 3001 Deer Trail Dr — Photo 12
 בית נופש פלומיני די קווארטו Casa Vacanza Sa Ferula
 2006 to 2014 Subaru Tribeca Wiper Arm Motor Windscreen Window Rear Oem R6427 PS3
______
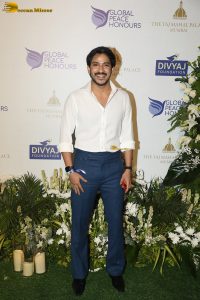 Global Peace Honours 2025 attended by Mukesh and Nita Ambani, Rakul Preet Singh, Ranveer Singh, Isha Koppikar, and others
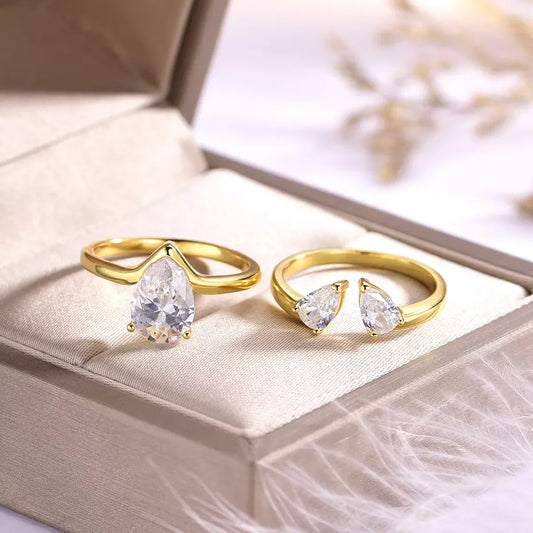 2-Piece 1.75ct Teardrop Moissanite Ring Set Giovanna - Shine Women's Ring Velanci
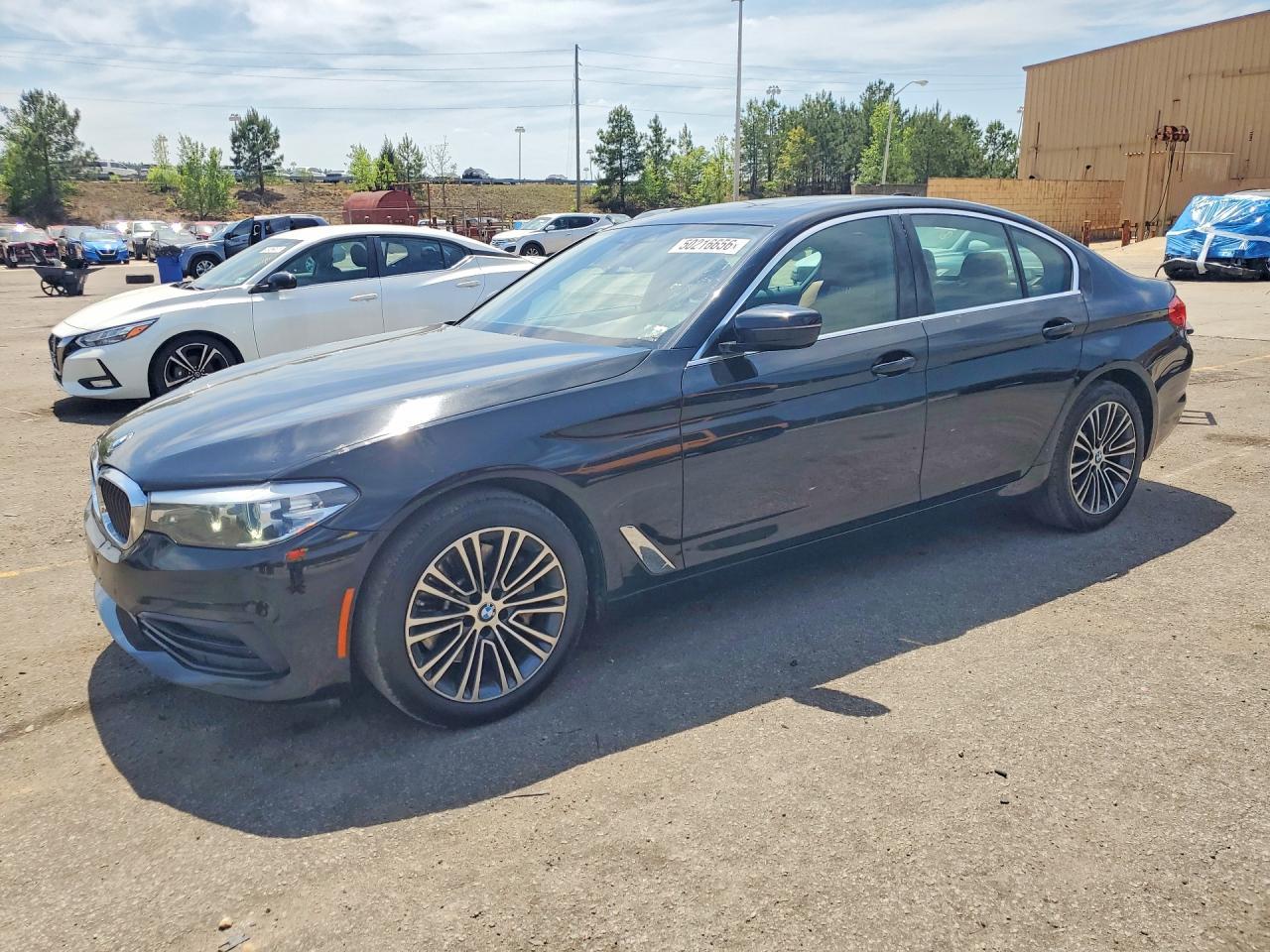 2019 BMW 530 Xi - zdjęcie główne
______
Out of the data above, give again only the lines starting at the one holding "3001 Deer Trail Dr — Photo 12" and ending at the one holding "2006 to 2014", unchanged.

EXERCISE OUTPUT:
 3001 Deer Trail Dr — Photo 12
 בית נופש פלומיני די קווארטו Casa Vacanza Sa Ferula
 2006 to 2014 Subaru Tribeca Wiper Arm Motor Windscreen Window Rear Oem R6427 PS3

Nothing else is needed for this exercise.